The red neck farmer, whose protest sign is picture above, represent a certainly click of dinosaurs who happen to be right if but for the wrong reasons. The issue is not that we should be more familiar and fluent in the beautiful and harmonic tongue that is Te Reo and I will be taking steps myself shortly to get some lessons for my self and in respect of my niece who honours my clan in that her blood line anchors my family to New Zealand’s first nation and make my own connection to NZ seven generation that much deeper. The issue however is threefold;

One: My fear is that many different dialect and histories of multiple iwi and hapu will be assimilated into one big ‘Maori’ tounge that promote a narrative of whakapapa that serves one or two iwi at a cost of many others. I am genuinely curious is this dialect used in the treaty if not what would the legal repercussions be.
It comes as Maori TV is moving it charter away from being a TV channel for Maori and is now to dopt an editorial promoting Pasifika and corporate media Te Reo Maori is not just about promoting Te Reo but rather it process which seek to assimilate all Polynesian culture in accordance with the objective of the Pacific reset a term used describe the US military and corporate expansion into the Pacific in the 21st century as the US begins to focus on the regions merging energy resources.

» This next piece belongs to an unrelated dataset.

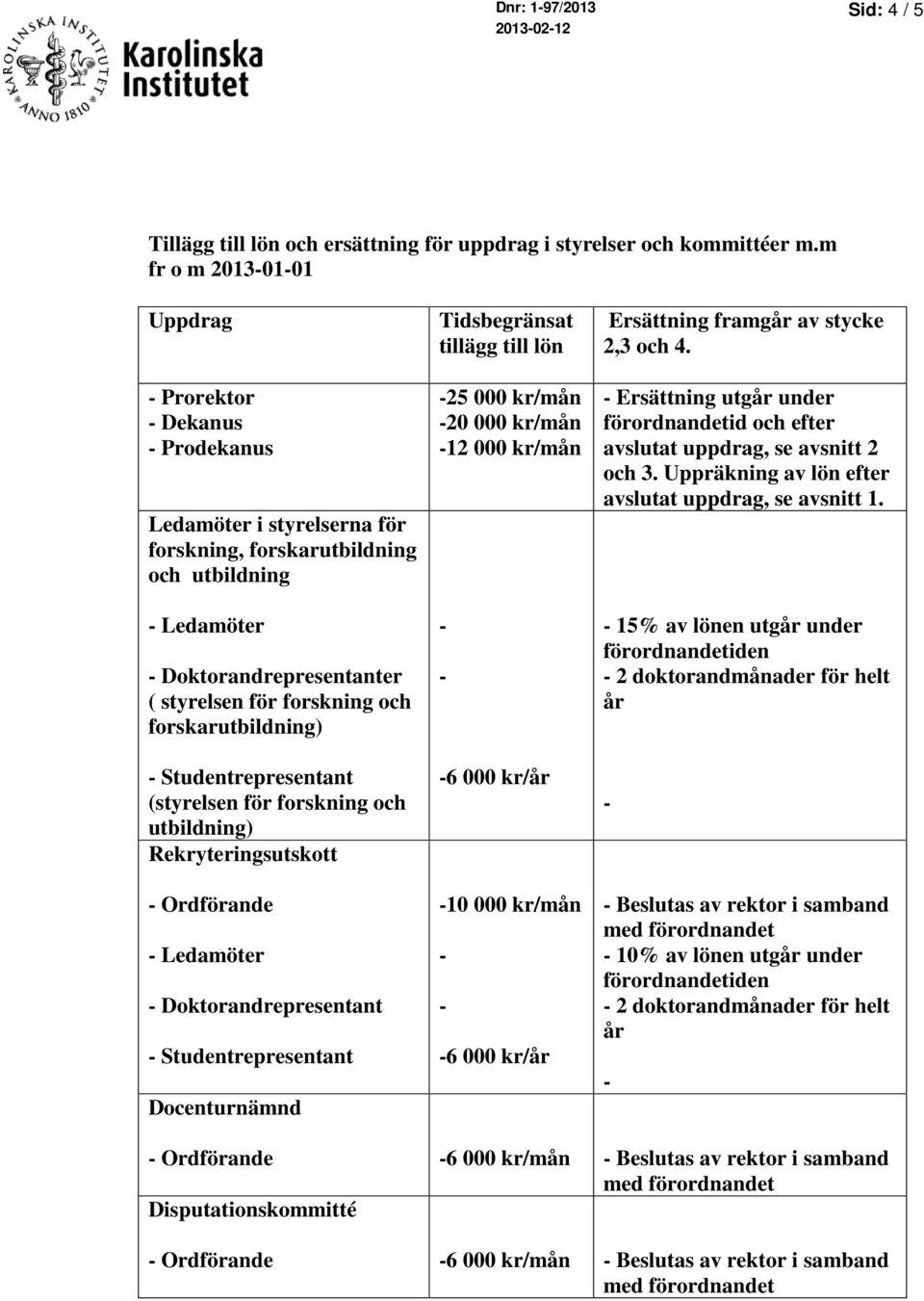 forskarutbildning) Studentrepresentant (styrelsen för forskning och utbildning) Rekryteringsutskott Ordförande Ledamöter Doktorandrepresentant Studentrepresentant Docenturnämnd Tidsbegränsat tillägg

There a reason why the US Embassy has being so keen to push iwinomics ( which can be defined as Rogernomics but with a ‘Maori’ face on it) using such initatives as Whaine Tora (Powerful women) to groom and shape female leadership as voices for an iwi vision which luckily fits perfectly with the USA own vision for Pasifka in the emerging future.

Two: New Zealand is not Aotearoa. In the Treaty of Waitangi Aoteroa not mentioned Na Niu Tirene (the actual legal Maori name for New Zealand) is. Its no small point that Aotearoa not mentioned once in either the English or Maori version of founding document. Only the wording Na Niu Tirene are mentioned.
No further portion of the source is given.